TINA LOO is an historian at the University of British Columbia in Vancouver, where she teaches and writes about the environment and Canada. A member of the Royal Society of Canada, she is the author of a number of award-winning books and articles about subjects ranging from wildlife conservation and the impacts of hydroelectric development to forced relocation in Canada.

DR. LINDSAY STALLONES MARSHALL is an Assistant Professor at the University of Oklahoma which occupies land belonging to Hasinai (Caddo) and Kitikiti’sh (Wichita) peoples and originally shared by many Indigenous Nations – including Cáuigù (Kiowa), Nʉmʉnʉʉ (Comanche), and Na I sha and Ndee (Apache). Her research focuses on the creation and perpetuation of settler colonial public memory through history education. She also researches the environmental history of human-equine relationships with an emphasis on interdisciplinary and decolonial methodologies.

CATHERINE McNEUR is an associate professor of history at Portland State University in Oregon. She is the award-winning author of Taming Manhattan: Environmental Battles in the Antebellum City (Harvard University Press, 2014) and is currently writing a book about the lives, work, and erasure of Margaretta Hare Morris and Elizabeth Carrington Morris, under contract with Basic Books.

SUSAN NANCE is Professor of History and affiliated faculty with the Campbell Centre for the Study of Animal Welfare at the University of Guelph in Ontario, Canada. She is the author of various books about animal history, including Rodeo: An Animal History (2020).

HARRIET RITVO is the Arthur J. Conner Professor of History Emeritus at the Massachusetts Institute of Technology. She has written widely about the history of our relations with other animals; her books include The Animal Estate: The English and Other Creatures in the Victorian Age; The Platypus and the Mermaid, and Other Figments of the Classifying Imagination; and Noble Cows and Hybrid Zebras: Essays on Animals and History. Her current research focuses on wildness and domestication.

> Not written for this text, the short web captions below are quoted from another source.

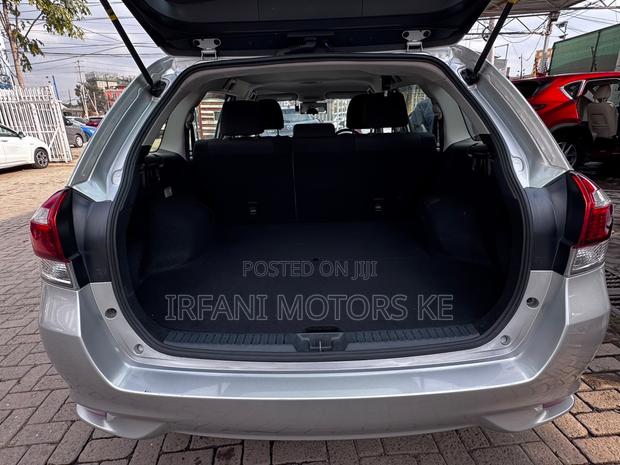 Toyota Corolla Fielder 1.5 Petrol FWD 2019 Silver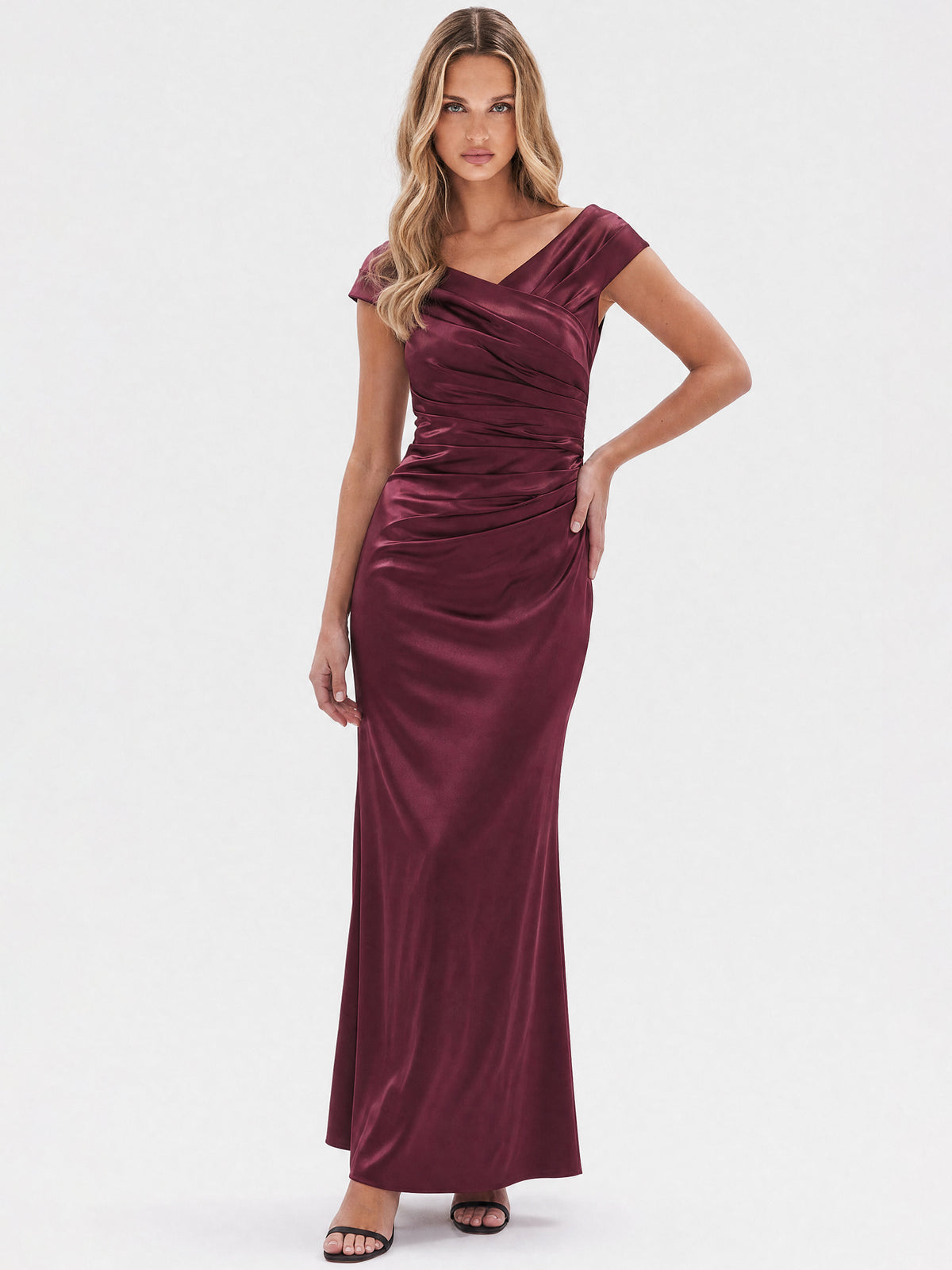 APART On-Shoulder-Abendkleid aus Satin | weinrot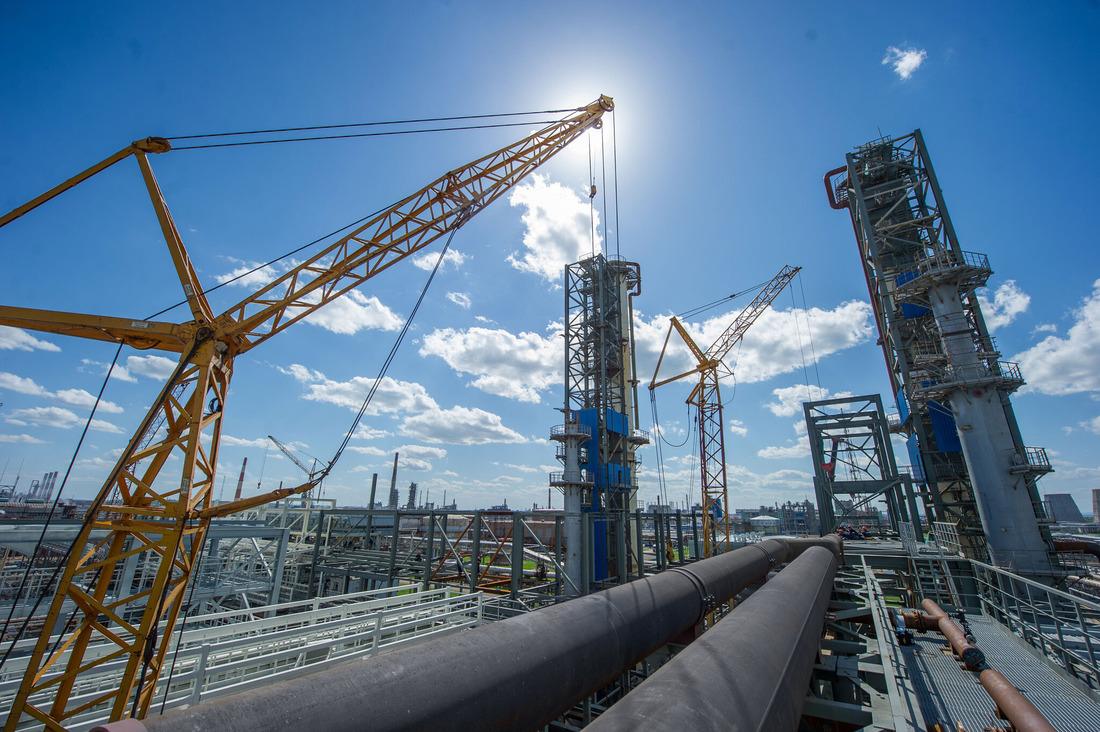 Construction of new production facilities of Gazprom neftekhim Salavat LLC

ANDREW ROBICHAUD is Assistant Professor of History at Boston University and author of Animal City: The Domestication of America (2019). His contribution for this volume is based on collaborative work he did as a primary investigator at the Stanford Spatial History Project and Center for Spatial and Textual Analysis.

NIGEL ROTHFELS is Professor of History at the University of Wisconsin-Milwaukee. He is the author of Elephant Trails: A History of Animals and Cultures (2021) and Savages and Beasts: The Birth of the Modern Zoo (2002), co-author (with Dick Blau) of Elephant House (2015), and editor of Representing Animals (2002). He is also General Editor of the book series Animalibus: Of Animals and Cultures, published by Penn State University Press.

SANDRA SWART is Professor and Chair of the Department of History at Stellenbosch University. She received her DPhil in Modern History while simultaneously obtaining an MSc in Environmental Change and Management, both from Oxford University. She focuses on southern African socio-environmental history, especially the shifting relationship between humans and animals as in her book, Riding High – Horses, Humans and History in South Africa (Witwatersrand University Press, 2010).

EMILY WAKILD is the Cecil D. Andrus Endowed Chair for the Environment and Public Lands at Boise State University. Her main academic research excavates documents, images, interviews, and fragments of the past to explain why and how large spaces for nature conservation emerged throughout the Americas. She is the author of Revolutionary Parks: Conservation, Social Justice, and Mexico’s National Parks, (University of Arizona Press, 2011) and with Michelle K. Berry, Primer for Teaching Environmental History (Duke 2018) both of which have been translated and published in Spanish.

JAY YOUNG holds a PhD in Canadian history from York University. From 2014 to 2020, he worked as an outreach officer at the Archives of Ontario.